Representation of "lam x (app x x)"
14) lam ! (app 1 1)

In conclusion, DeBruijn notation is both equivalent and simpler than the (properly restricted) notion of positions. That's why you should want to represent variables using deBruijn indices, not positions nor terms with holes.

leithaus said...

Way cool! Thank you for these posts! i'm going to have to study them carefully.

i surely agree with you that if i just want position, then i can do with somewhat less than the context type ∂T[N]. This was really just a placeholder in my thinking to spur me to come back and do further analysis.

The design direction is not to merely to find a way to tie the recursive knot on lambda variables in terms of lambda term structure. Once i found rho, i found plenty of ways to do that.

The vector of my thinking is genuinely about context and position. Here's a potentially motivating question. It turns out that there is no fully abstract encoding of ambient calculus into pi-calculus. Let us, however, consider a pi-calculus in which names are positions and/or contexts in pi-terms.
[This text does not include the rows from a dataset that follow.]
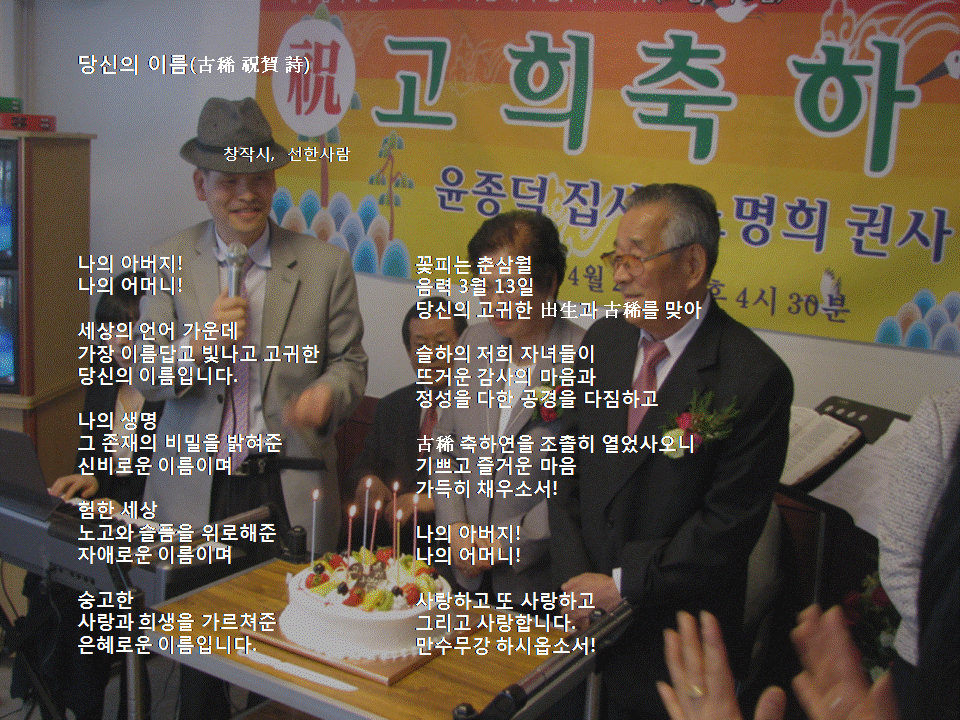 고희 이미지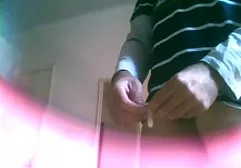 سبزه, بار, در هنگام بازی با گروه سکسی موبوگرام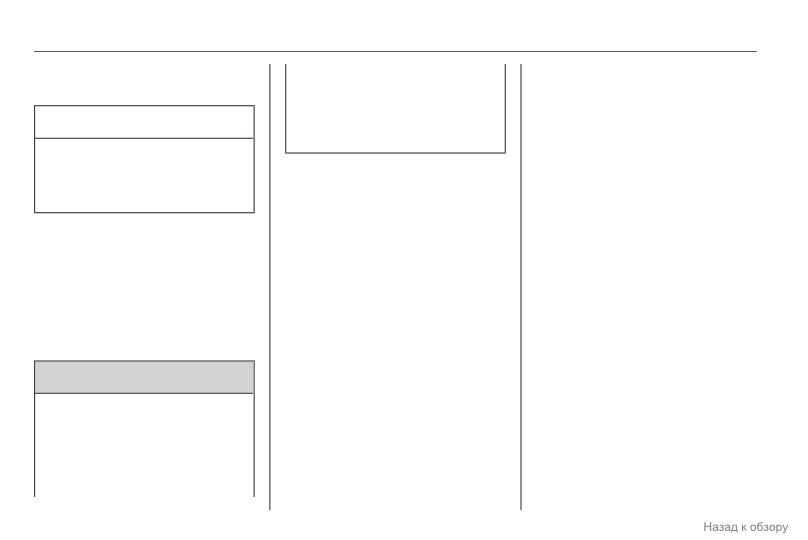 background imagepx;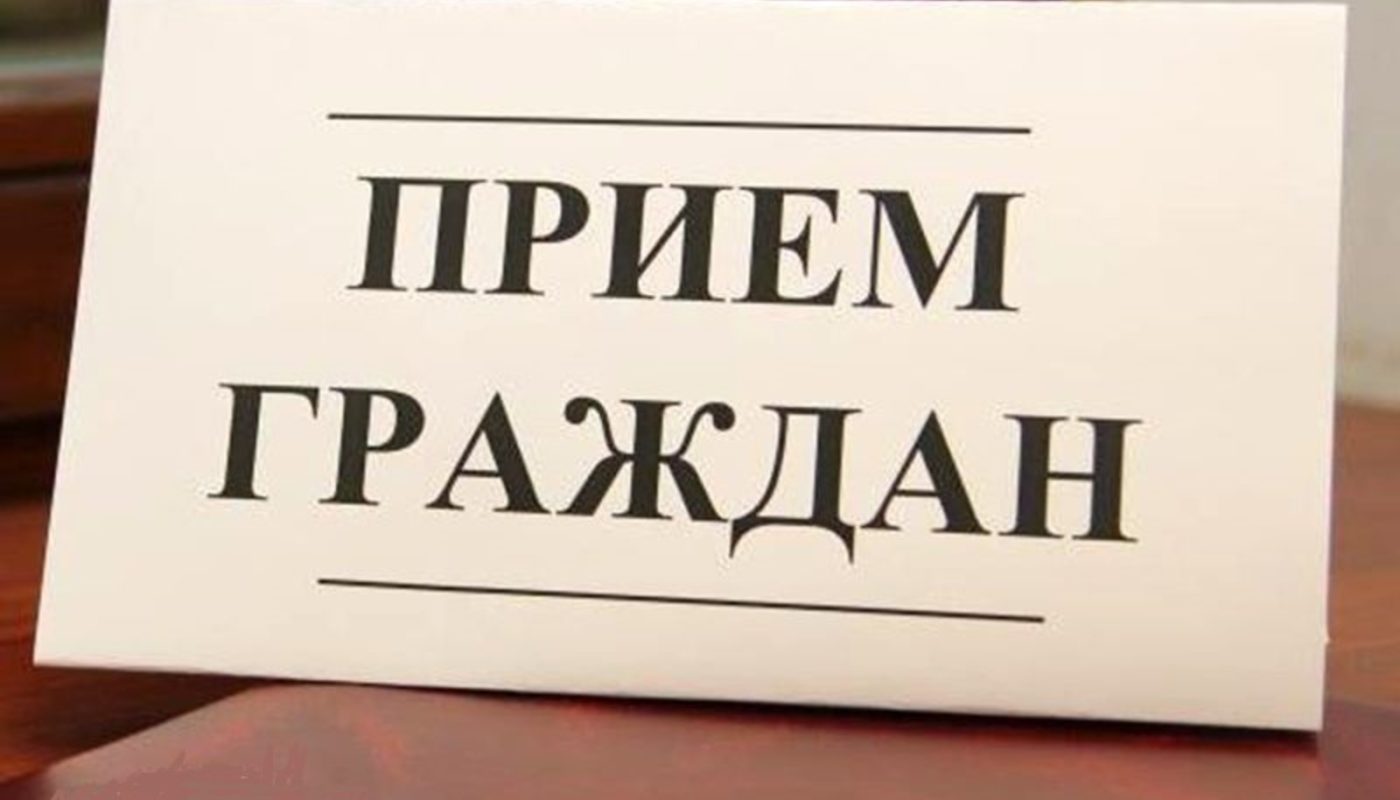 В Соль-Илецке приём граждан проведёт первый заместитель прокурора  Оренбургской области Павел Хлебкович - Илецкая Защита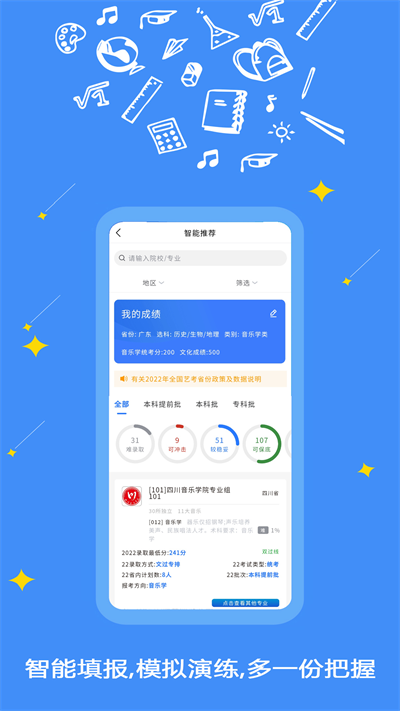 艺愿星填报志愿截图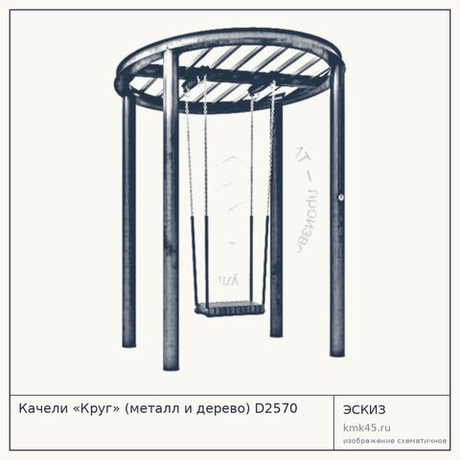 Качели «Круг» (металл и дерево) D2570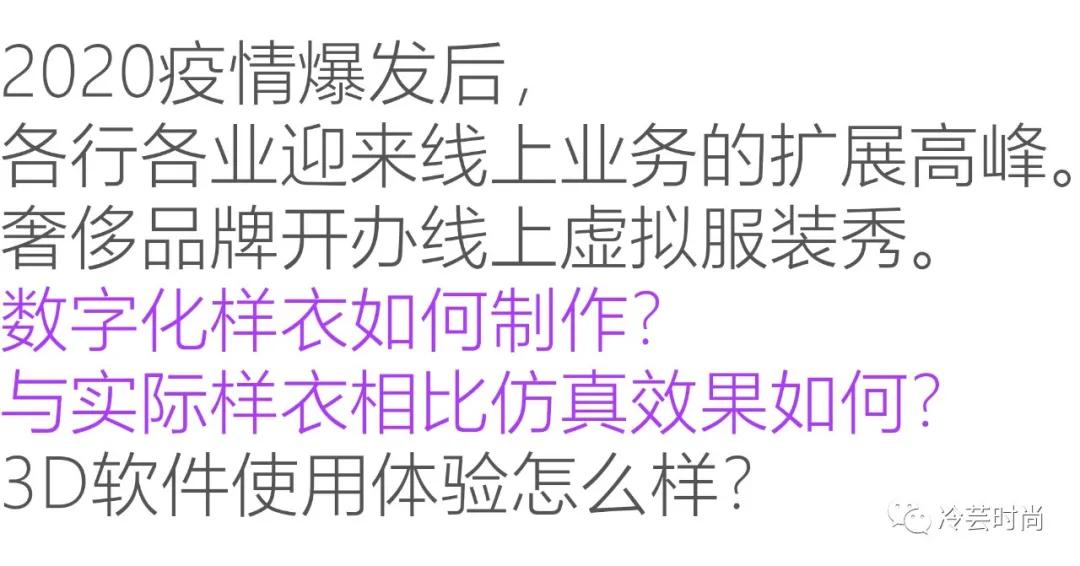 服装设计用3d吗,3d虚拟服装制版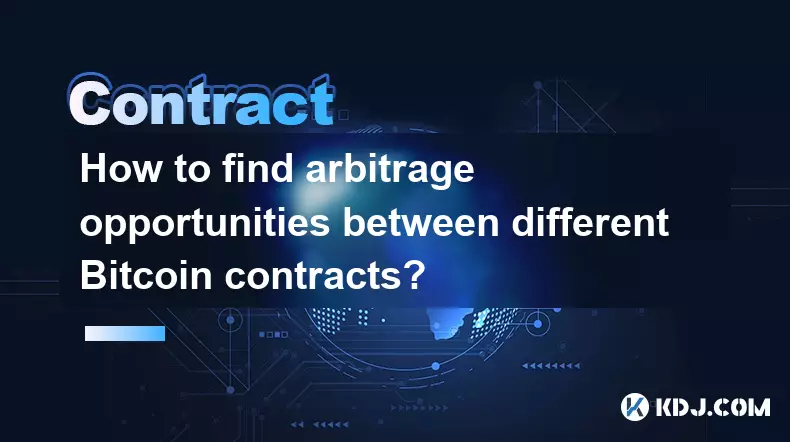 Wie finde ich Arbitragemöglichkeiten zwischen verschiedenen Bitcoin-Verträgen? Wie finde ich Arbitragemöglichkeiten zwischen verschiedenen Bitcoin-Verträgen?
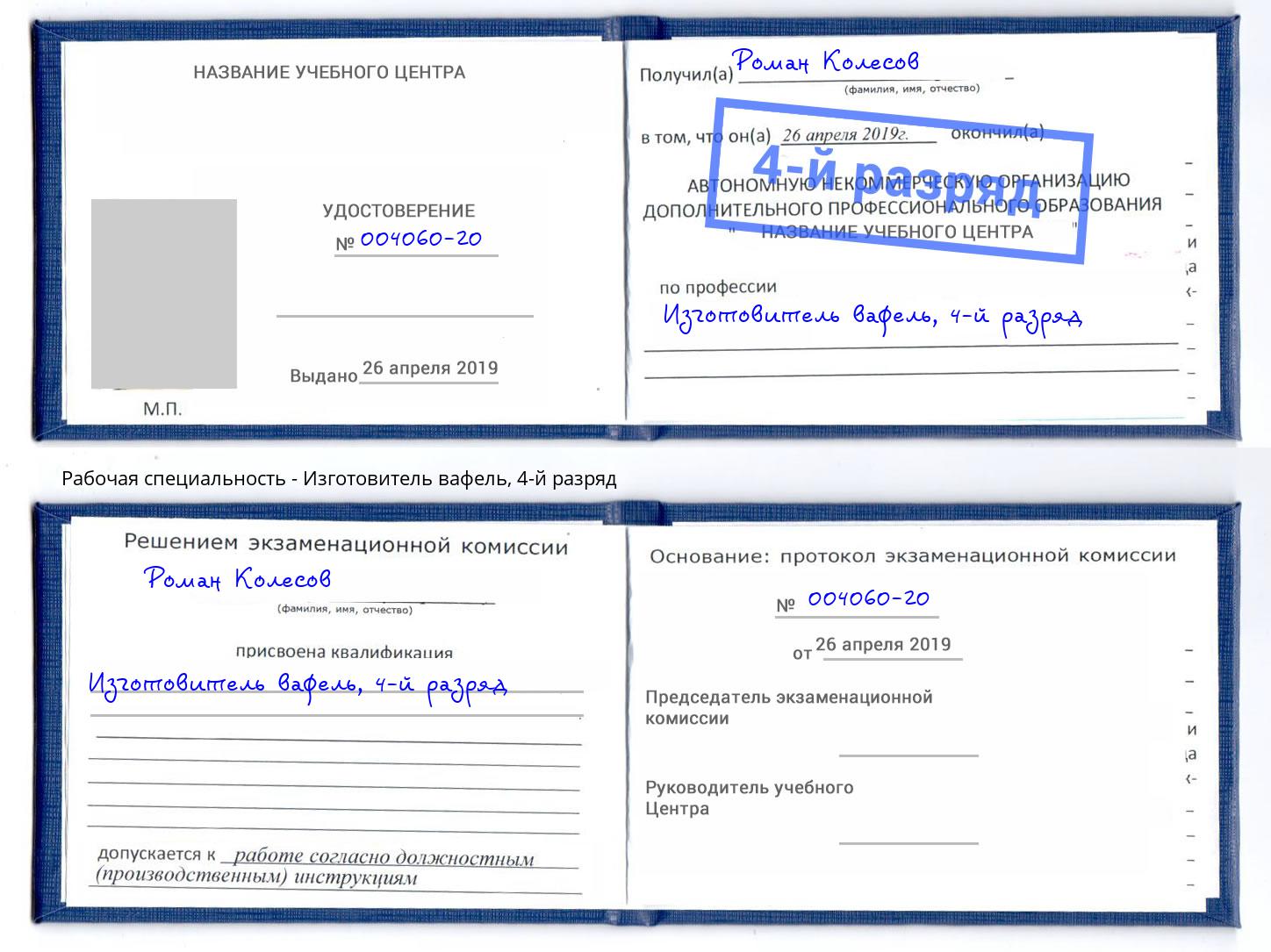 корочка 4-й разряд Изготовитель вафель Нарткала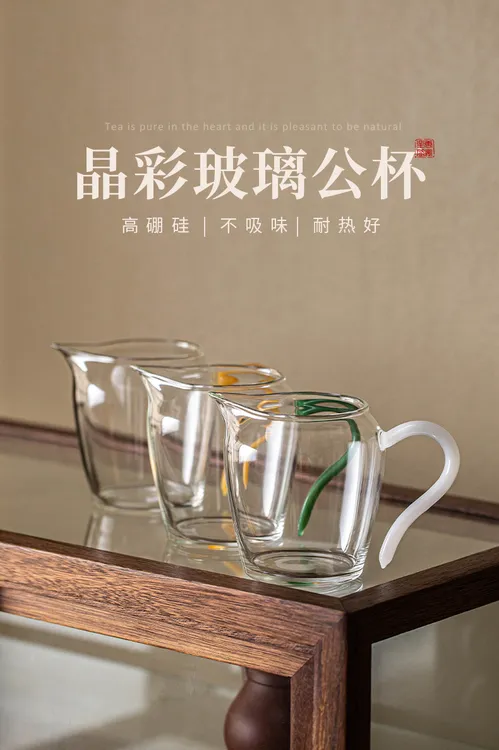 晶彩玻璃公道杯茶海分茶器茶杯日式家用彩把鹰嘴公杯功夫茶道配件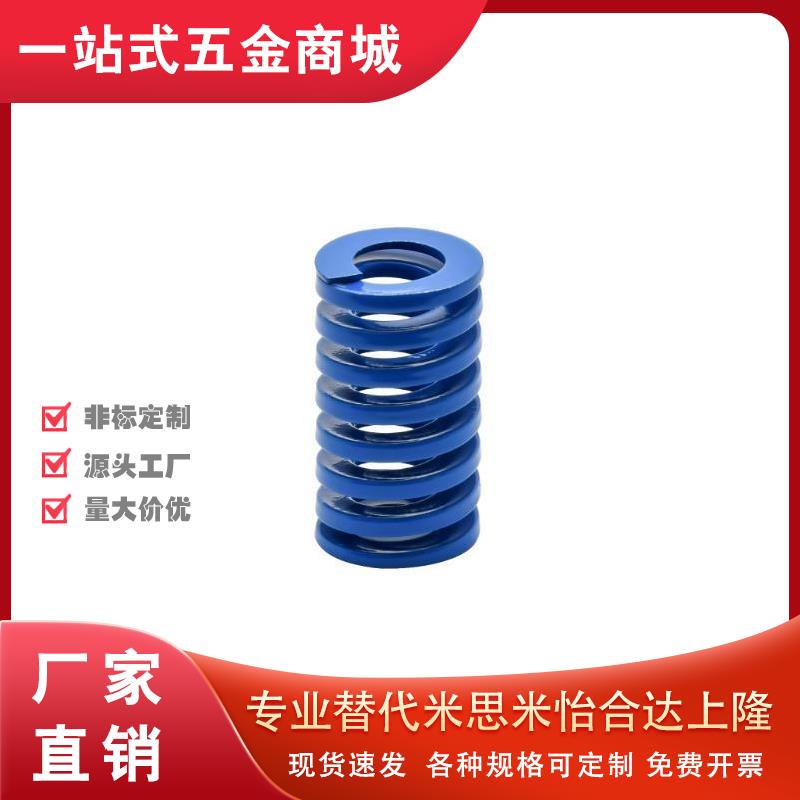 矩形弹簧替代YSWL-SWL16-20/25/30/35/40/45/50/55/60/65/75/70/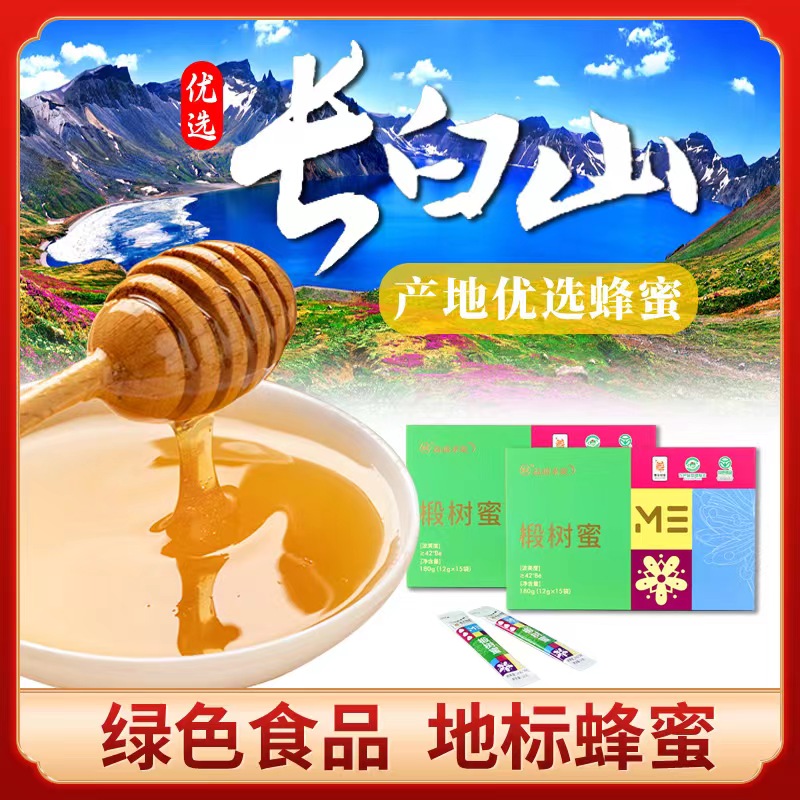 益盛永泰 繽紛系列袋蜜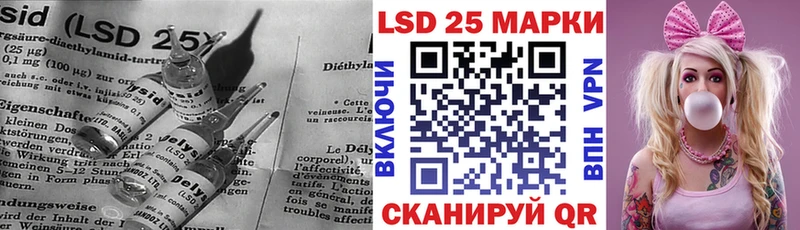 Лсд 25 экстази кислота  Купить где  Вольск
If we then add term constructor to turn names back into locations we have a means of implementing the ambient in, out and open.

i suspect that we can use this as an intermediate language into which we can facilitate an encoding from pi-calculus to ambient calculus.

There are much more general desiderata i am pursuing; however, i'm a bit reluctant to explain the programme in this venue as it's very ambitious.

leithaus said...

Another quick point: the idea is quite generic. It is not restricted to lambda or pi-calculus. It works for any monad (that is "concrete" enough to essentially be a term algebra).

T[N] = [some term algebra]
N = ∂T[N]

This has more applications than the ones i thought of. A geometric topologist friend of mine was wondering if there was a homology theory hiding in this.

gelisam said...

I thought I understood what you wanted to do, but now I'm completely lost. I don't think I have the expertise you need after all, so, good luck on your ambitious project.